The team led by Carlo Ratti, director of MIT’s Senseable City Lab, used the Graph theory as a tool for analyzing social relationships for the dark web.
The experts analyzed the Tor network, one of the most popular darknet, they used crawler leveraging the tor2web proxy onion.link.
It is important to highlight that the team focused its analysis on the Tor Network, that anyway represents just a portion of the dark web.
The team crawled onion.link using the commercial service scrapinghub.com, they used two popular lists of dark web sites trying to visit them and accessing all linked pages using a breadth-first search.
The team just included in their analysis websites which responded to avoid including in their results services that no longer exist.
“I.e., if we discover a link to a page on domain v, but domain v could not be reached after >10 attempts across November 2016–February 2017, we delete node v and all edges to node v.

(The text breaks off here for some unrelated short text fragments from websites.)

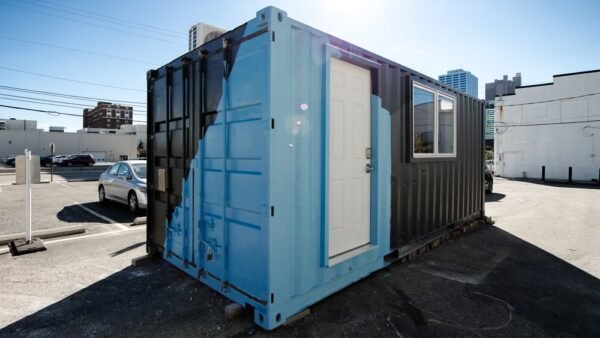 Fully Equiped 20ft shipping container home for sale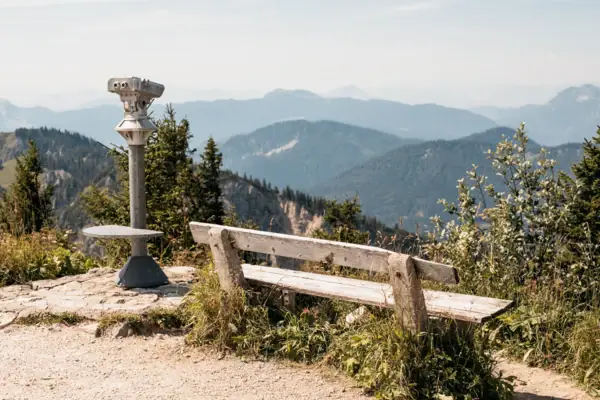Eine Bank mit Fernglas auf einem Berg.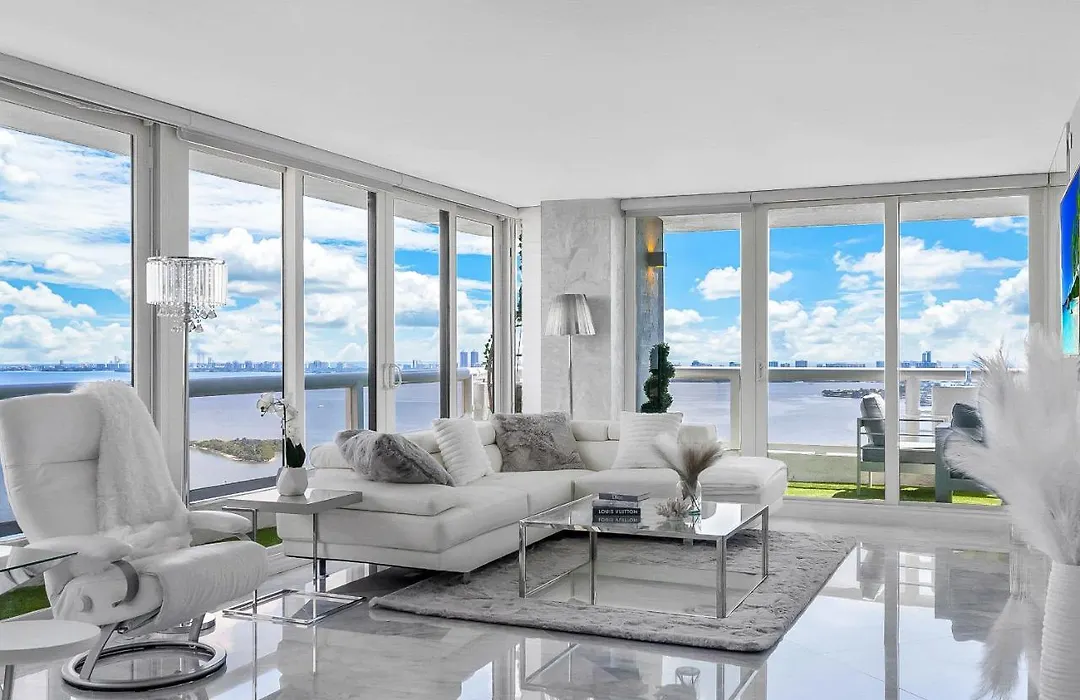 Incredible Waterfront Penthouse With Bay View-1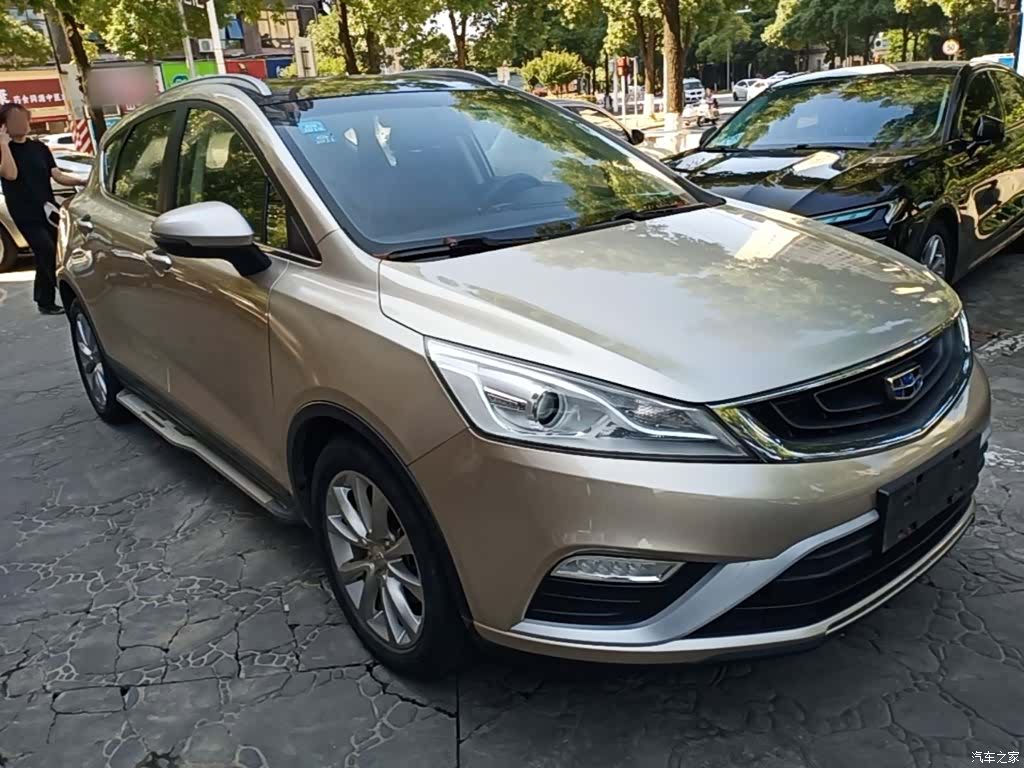 Geely Emgrand, 2017 4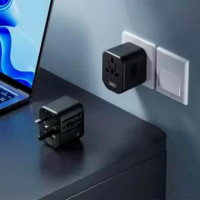 Cargador Universal de Viaje 2 USB + 1 Usb-c Negro XO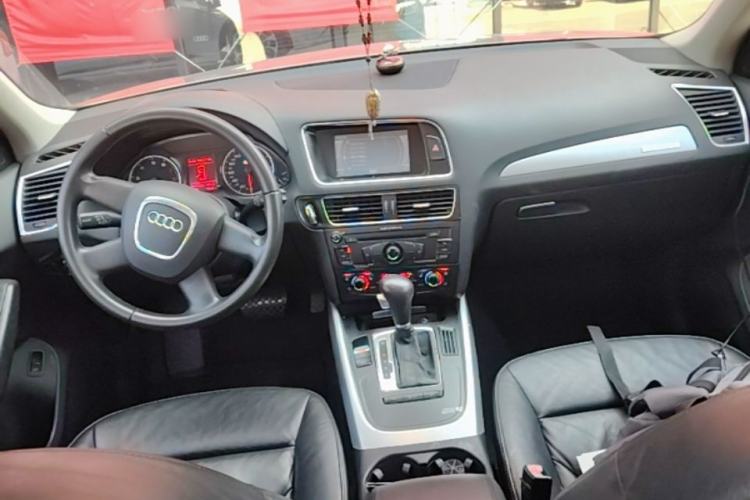 Used Audi Q5 2011 2.0TFSI Technology Model Center Console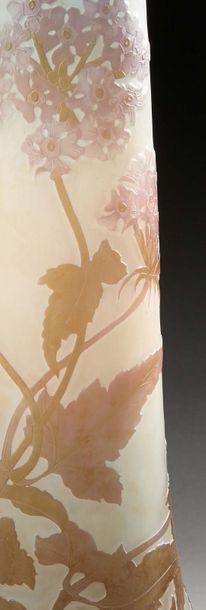 ÉTABLISSEMENTS GALLÉ Vase cylindrique à panse bombée en verre doublé à décor dégagé...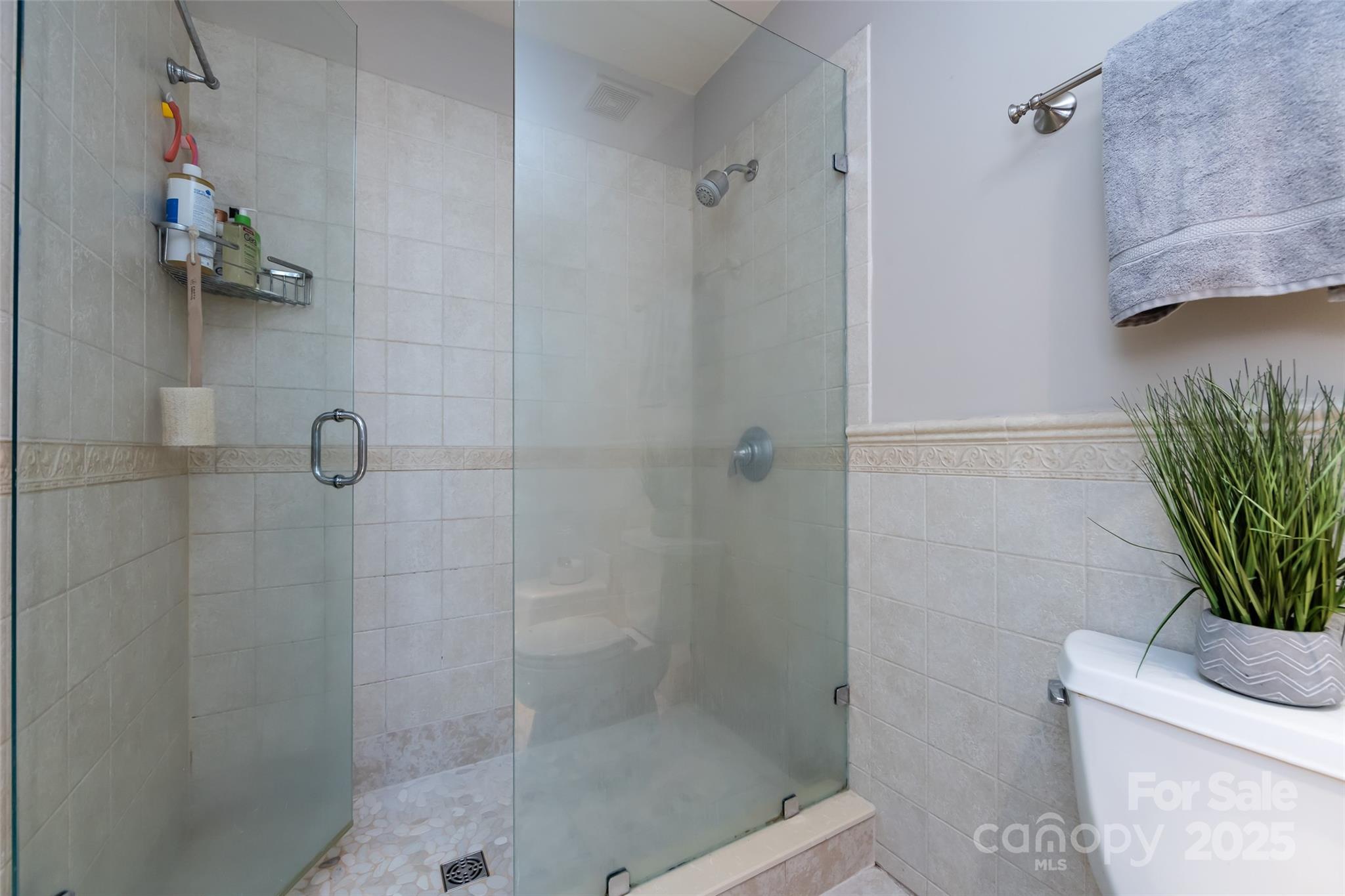 5013 Cedar Forest Drive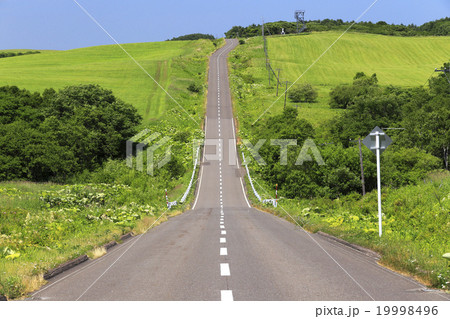 7月 北海道のまっすぐな道 根釧台地の広大な風景 の写真素材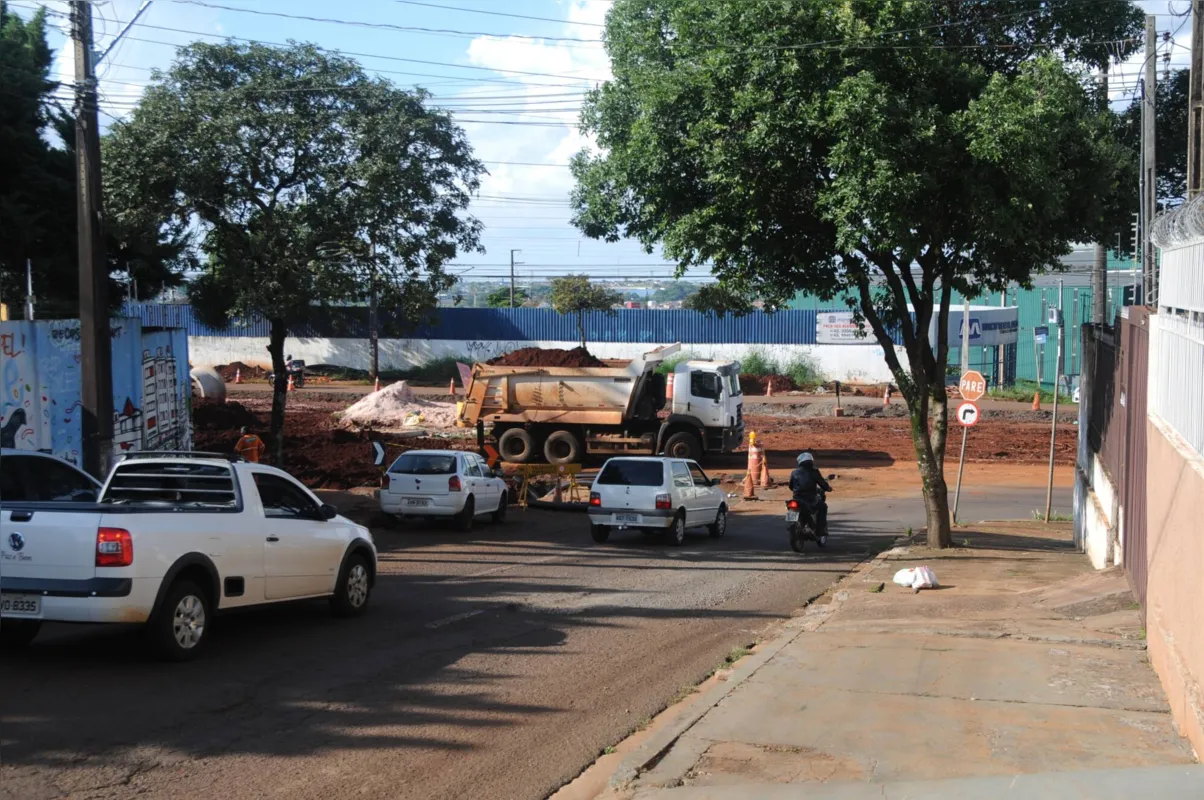 Segundo a CMTU, são realizadas avaliações sobre impactos que grandes obras podem causar no trânsito, assim como os possíveis desvios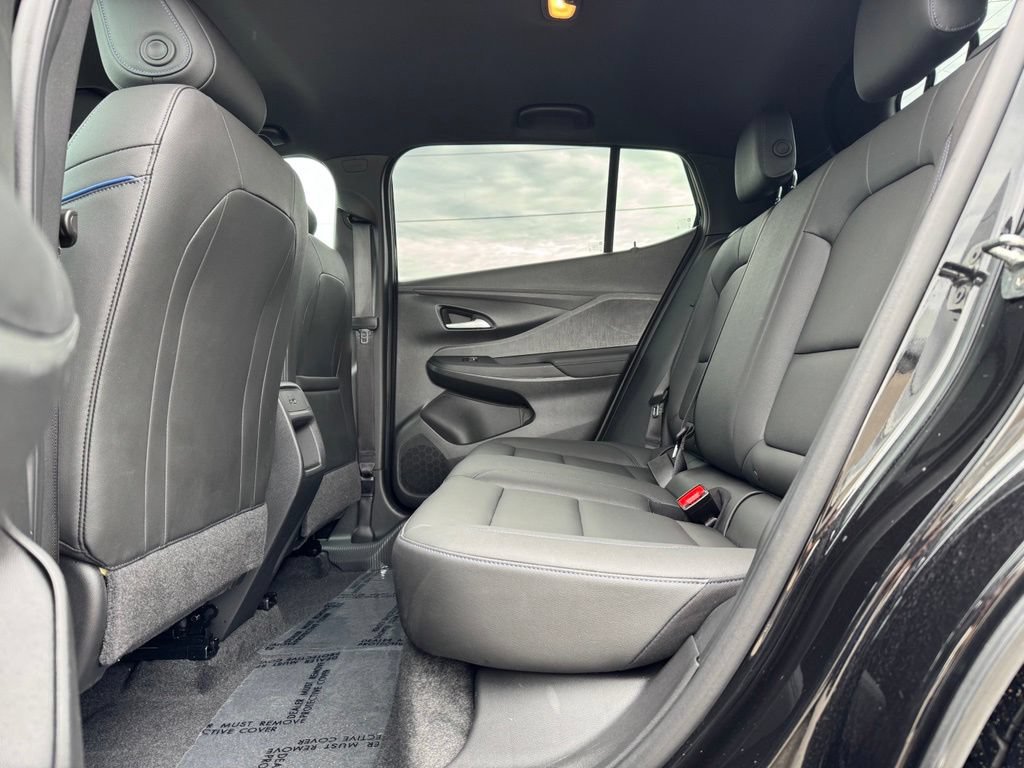 Used 2024 Buick Envista Sport Touring w/ Convenience I Package FWD image 10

In our analysis, before pruning nonresponding domains we found a graph of 13,117 nodes and 39,283 edges. After pruning, we have a graph of 7, 178 nodes and 25, 104 edges (55% and 64% respectively)” states the researchers.
The first discrepancy emerged from the research is related to the number of the active .onion domain. The maintainers at the Tor Project Inc. states that the Tor network currently hosts ∼60, 000 distinct, active .onion addresses, meanwhile the team of experts has found only 7, 178 active .onion domains.
The researchers attribute this high-discrepancy to various messaging services— particularly TorChat, Tor Messenger, and Ricochet in which each user is identified by a unique .onion domain.
The Graph-theoretic results show that ∼30% of domains have exactly one incoming link—of which 62% come from one of the five largest out-degree hubs. 78% of all nodes received a connection from at least one of them.